Reekie also suggested McLennan might want to offer him an
album, an offer that McLennan was all to keen to accept.
"A year ago I developed my sound to the point where
I thought I'd compiled enough tracks and it was finished,"
McLennan recalls.
"Trevor Reekie said to me 'Go away and write some more
songs.' It really pissed me off at the time because I thought
it was finished, but one of the reasons why I like working
with him is that I trust his judgment, and he was right.
"I went away and wrote some more songs with Sandy Mill
(SJD, Spacesuit) - there are songs on the album like What
The Funk that came out of that - so it's a better album for
that I think.
"It's nice to get an album out when you want to get
it out, but it's also nice to work on it and try and make
it a more solid offering."
Patience was indeed Dub Asylum's watchword.
It's also the title of one of She Dubs Me, She Dubs Me Not's
most impressive songs. Boasting an infectious shuffling beat
and a cutting vocal from Paulette Edwards, it marks the beginning
of the Dub Asylum story, McLennan says.
"Patience was originally on the first ep I released.

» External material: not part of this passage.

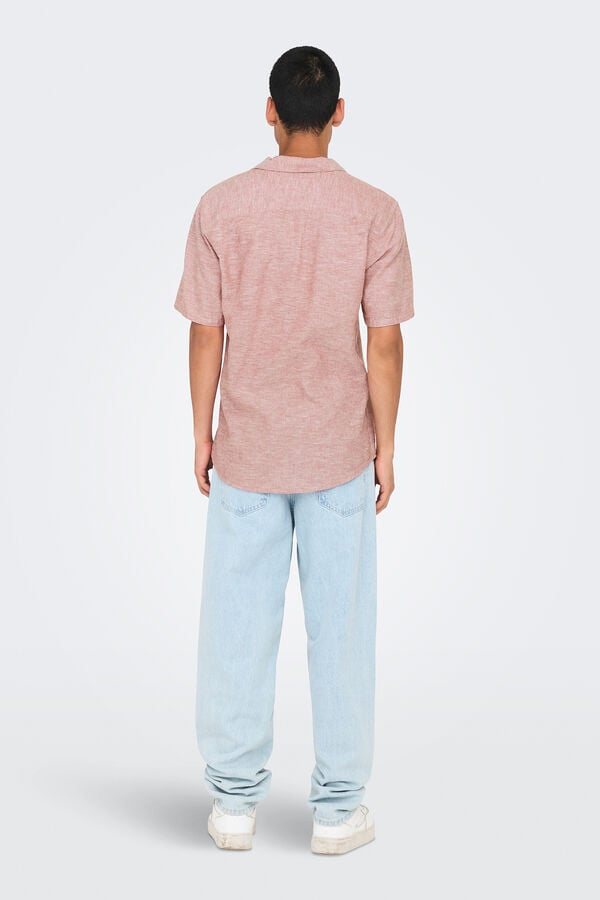 Only & Sons Linen shirt with short sleeves nude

It was one that I was keen to give a wider exposure because
that ep was a CD burn that I put out myself and it didn't
have the hugest amount of exposure. It sold a few copies,
but it wasn't that huge.
"Some of the tunes on the album I laboured over, but
the ones I'm happiest with are the ones that came about almost
by chance.
"One I did with Sandy called Scratch And Sniff came
about because I was playing this old record at home one day
and it came to the end and the run-out groove was quite rhythmic.
"I thought, that almost sounds like a drum loop, so
I sampled it and chopped it up and used it. It's nothing more
than the scratch at the end of a record, but it became something
more. I like happy accidents like that."
Thankfully, for those seduced by Dub Asylum's debut offering,
a second album shouldn't take as long to make, McLennan says.
Two new tracks have been finished for an upcoming summer tour
and four other tracks are under way at the moment.
The best thing about finally having album number one out,
McLennan says, is that he now has something to live up to.
"It's good having the album done and various remixes
from Paddy Free (Pitch Black) and Jed Town (Fetus Productions,
ICU) on it - it's set the benchmark so anything I produce
now has to be a step up.
"It has to be as good or better than what I've already
done, which is a challenge but it's a satisfying one."